(Problem to work on): After finding the line containing "2 araç çarpıştı, 6 kişi yaralandı" below, please output that line and each following one through the line containing "Pear Engagement Ring", exactly as written.
** Provided entries follows **
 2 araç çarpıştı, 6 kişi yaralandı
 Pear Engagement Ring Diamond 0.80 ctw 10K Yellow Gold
** End of Provided entries **
** Provided entries follows **
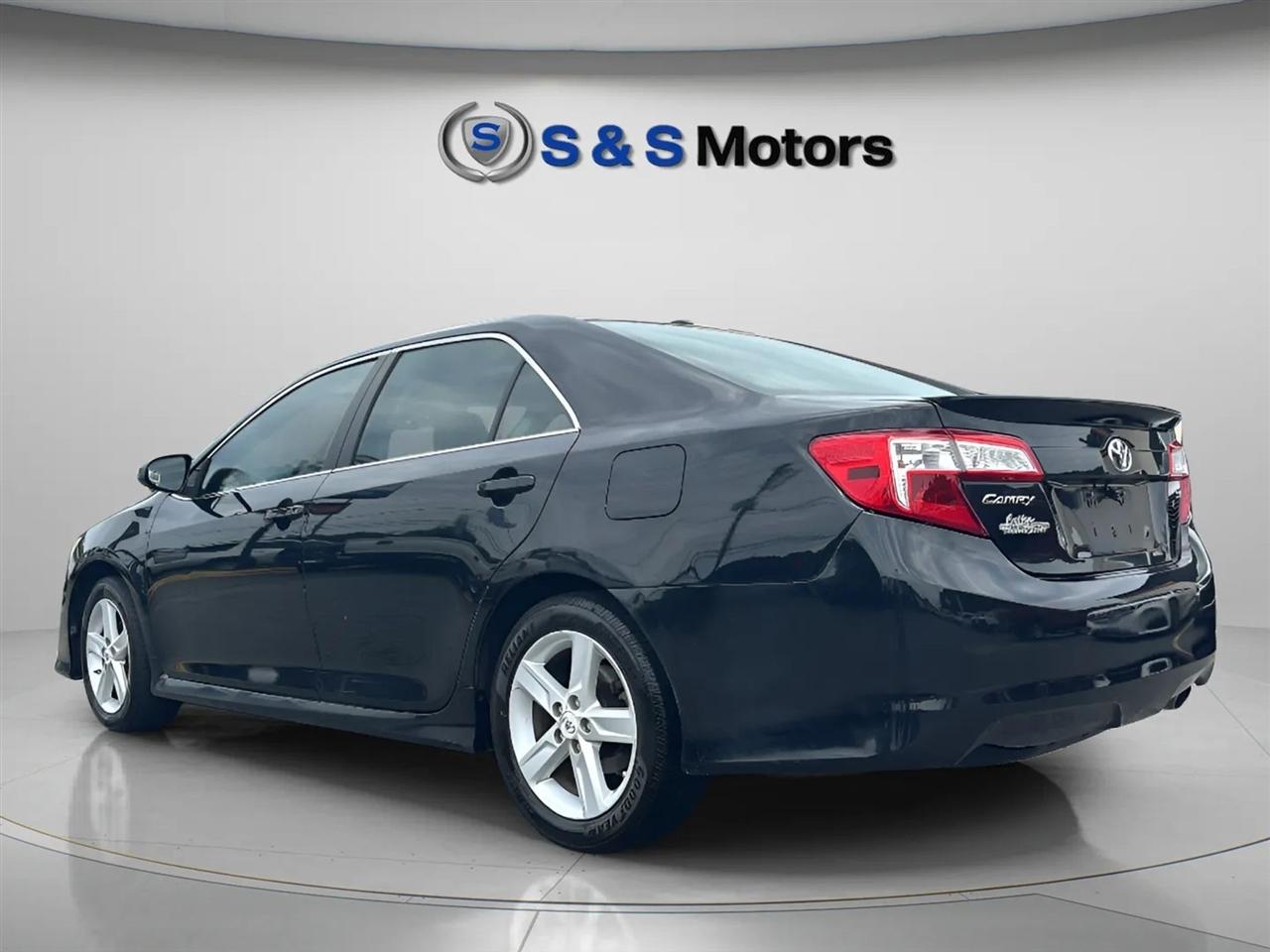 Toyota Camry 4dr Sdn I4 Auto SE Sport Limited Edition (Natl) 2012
** End of Provided entries **
(Answer to the exercise):
 2 araç çarpıştı, 6 kişi yaralandı
 Pear Engagement Ring Diamond 0.80 ctw 10K Yellow Gold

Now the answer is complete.